## Information shown

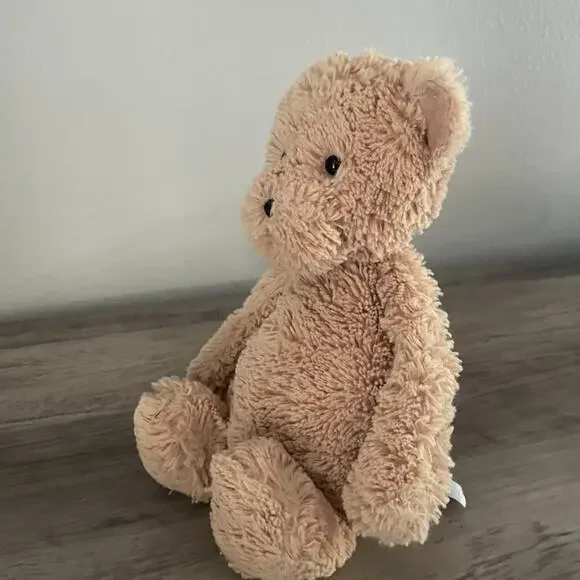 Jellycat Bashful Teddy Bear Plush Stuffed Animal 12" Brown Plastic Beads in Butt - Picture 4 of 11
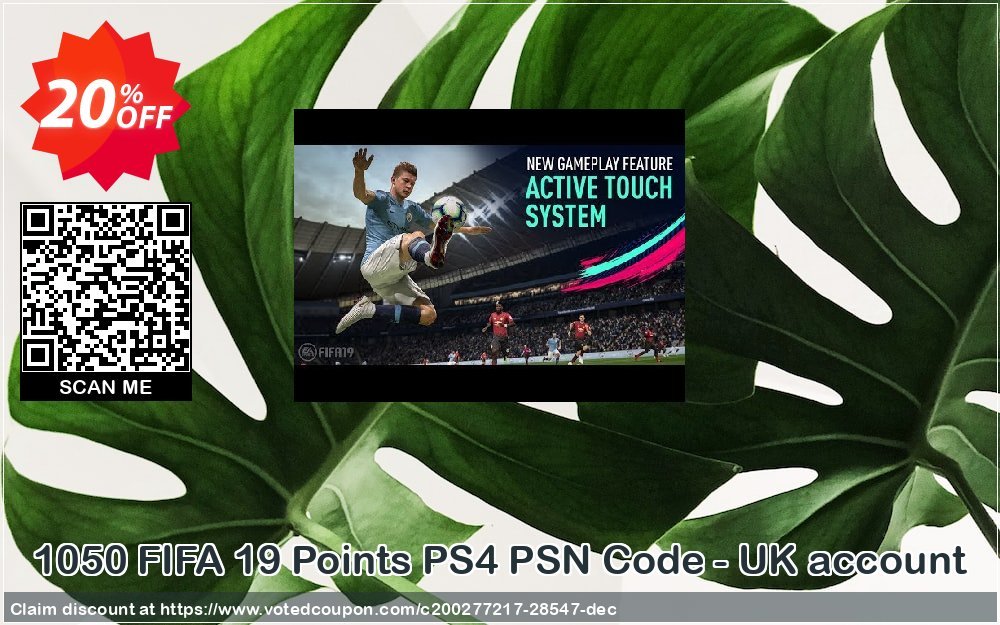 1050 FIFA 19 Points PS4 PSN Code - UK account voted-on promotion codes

==

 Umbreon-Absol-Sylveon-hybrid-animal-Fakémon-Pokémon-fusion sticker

==

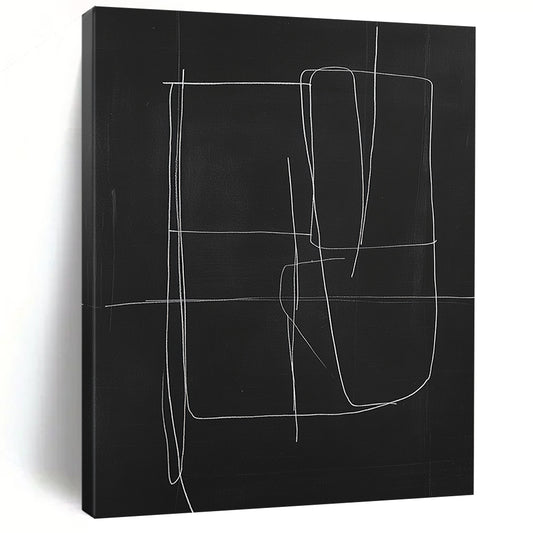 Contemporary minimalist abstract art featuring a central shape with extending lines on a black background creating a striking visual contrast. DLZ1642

## Activity
With the pictures omitted, copy exactly the lines of the listing above starting at the line containing "Jellycat Bashful Teddy" and ending at the line containing "1050 FIFA 19", both included.

## Task solution
 Jellycat Bashful Teddy Bear Plush Stuffed Animal 12" Brown Plastic Beads in Butt - Picture 4 of 11
 1050 FIFA 19 Points PS4 PSN Code - UK account voted-on promotion codes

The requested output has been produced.